I hope somebody can be of assistance, thank you in advance.
I am using C# to generate some simulation models for evaluating the medium stationary time of a request in a system and the degree of usage of that serving station from the system.
I am using a function to generate the required numbers:
public double genTP(double miu)
{
Random random = new Random();
double u, x;
u = (double)random.NextDouble();
x = (-1 / miu) * Math.Log(1 - u);
return x;
}
This is the main:
Program p1 = new Program();
double NS = 1000000;
double lambda = 4;
double miu = 10;
double STP = 0;
double STS = 0;
double STL = 0;
double i = 1;
double Ta = 0;
double Tp = 0;
double Dis = 0;
do
{
Tp = p1.genTP(miu);
STP += Tp;
STS += Ta + Tp;
Dis = p1.genDIS(lambda);
if (Dis < Ta + Tp)
{
Ta = Ta + Tp - Dis;
}
else
{
STL += Dis - (Ta + Tp);
Ta = 0;
}
i++;
} while (i <= NS);
Console.WriteLine(STS / NS);
Console.WriteLine((STP/(STP+STL))*100);
1) The medium stationary time (which is r) returned is wrong, I get values like 0.09.. but I should get something like ~0.1665.. The algorithm is ok, I am 100% sure of that, I tried something like that in Matlab and it was good. Also the degree of usage (the last line) returned is ok (around ~39.89), only the r is wrong. Could it be a problem with the function, especially the random function that should generate a number?
2)Regarding my function genTP, if I change the parameter from double to int, then it returns 0 at the end. I used debugger to check why is that, and I saw that when the method calculates the value of x with (-1 / miu), this returns 0 automatically, I have tried to cast to double but with no result. I was thinking that this could be a source of the problem.
You're creating a new instance of Random each time you call genTP. If this is called multiple times in quick succession (as it is) then it will use the same seed each time. See my article on random numbers for more information.

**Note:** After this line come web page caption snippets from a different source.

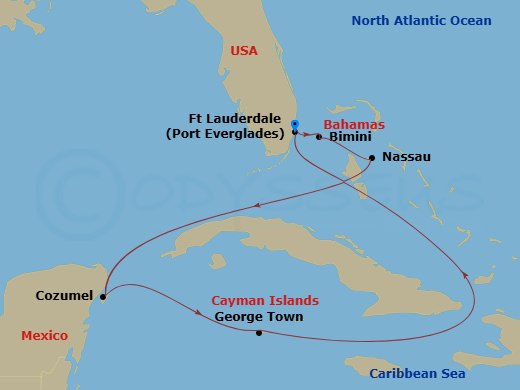 Route map: Fort Lauderdale, Florida → Bimini, Bahamas → Nassau, Bahamas → Cozumel, Mexico → George Town, Grand Cayman → Fort Lauderdale, Florida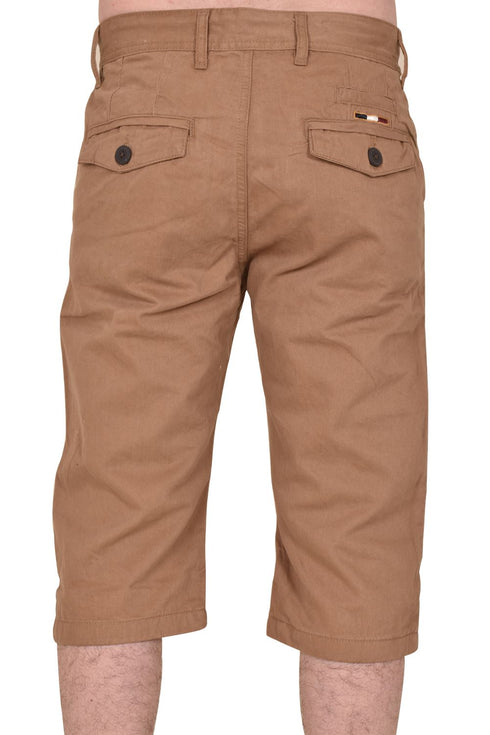 Men’s Knee-Length Shorts with Star Patch – Casual Cotton Summer Wear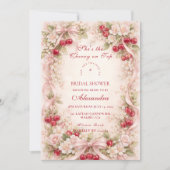 Cherry On Top Garden Romance Bridal Shower Einladung (Vorderseite)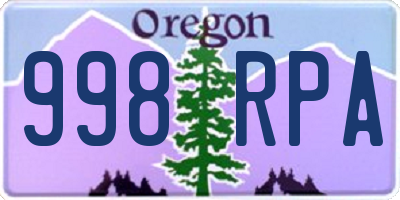 OR license plate 998RPA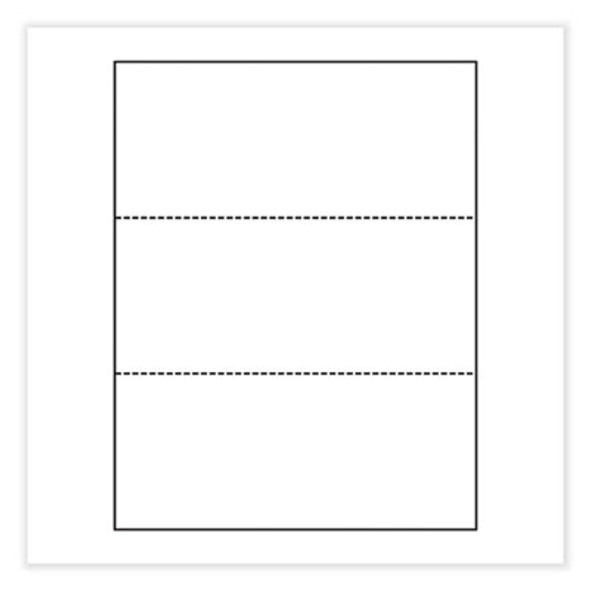 Perforated Paper, 3.66" And 7.33" From Bottom, 92 Bright, 20 Lb Bond Weight, 8.5 x 11, White, 500/Ream, 5 Reams/Carton
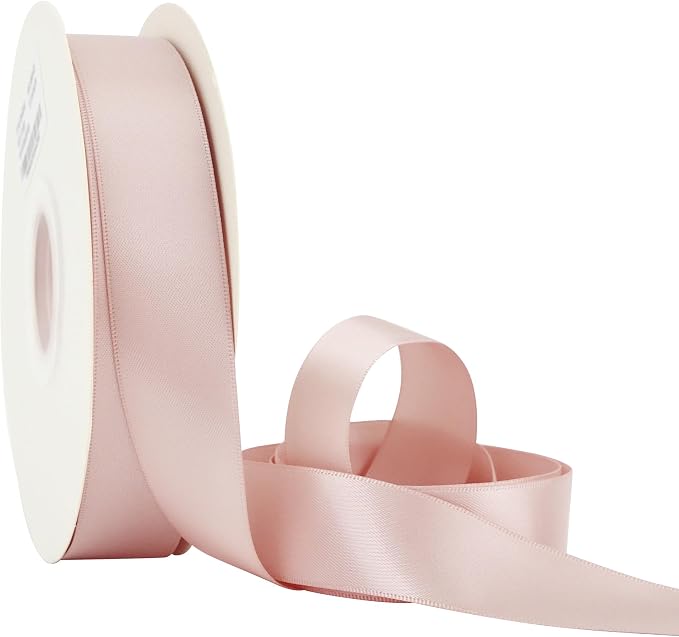 HUIHUANG Rose Gold Satin Ribbon 1 inch x 50 Yards Double-Faced Polyester Ribbon - Image 3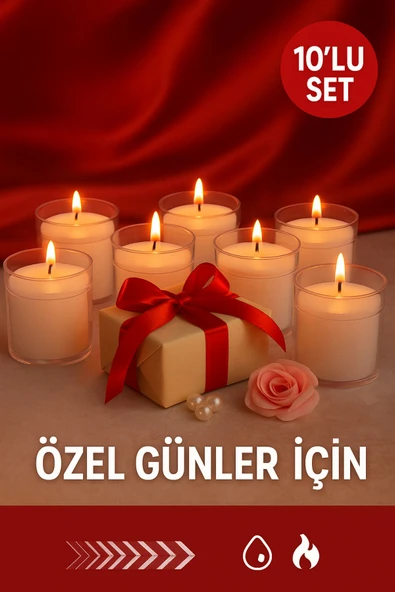 10’lu Set Şeffaf Plastik Mumluk – Dekoratif, Dayanıklı ve Özel Günler İçin Şık Işık Çözümü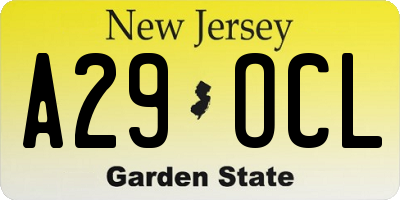 NJ license plate A29OCL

Create a single instance of Random and pass it into the method:
private static double GenerateTP(Random random, double miu)
{
double u = random.NextDouble();
return (-1 / miu) * Math.Log(1 - u);
}
And...
Random random = new Random();
do
{
double tp = GenerateTP(random, miu);
...
}
A few more suggestions:
Declare your variables at the point of first use, with minimal scope
Follow .NET naming conventions
Don't make methods instance methods if they don't use any state
I prefer to create a static random field in the calculation class
static Random random = new Random();
Now I can use it without thinking of quick succession and I don't need to give it as a function parameter (I'm not trying to say it works faster but just similar to mathematical notation)
Regarding your second question, it is because the compiler does an integer division because they are two integers.
int / int = int (and the result is truncated).
If any of the args are floating point types, the operation is promoted to a floating point division. If you change your arg to an int, you should either use -1d (a double with value -1), or cast 'miu' to a double before usage:
x = (-1d / miu) ...
or
x = (-1 / (double)miu) ...
Or, of course, use them both as doubles. I prefer the first way.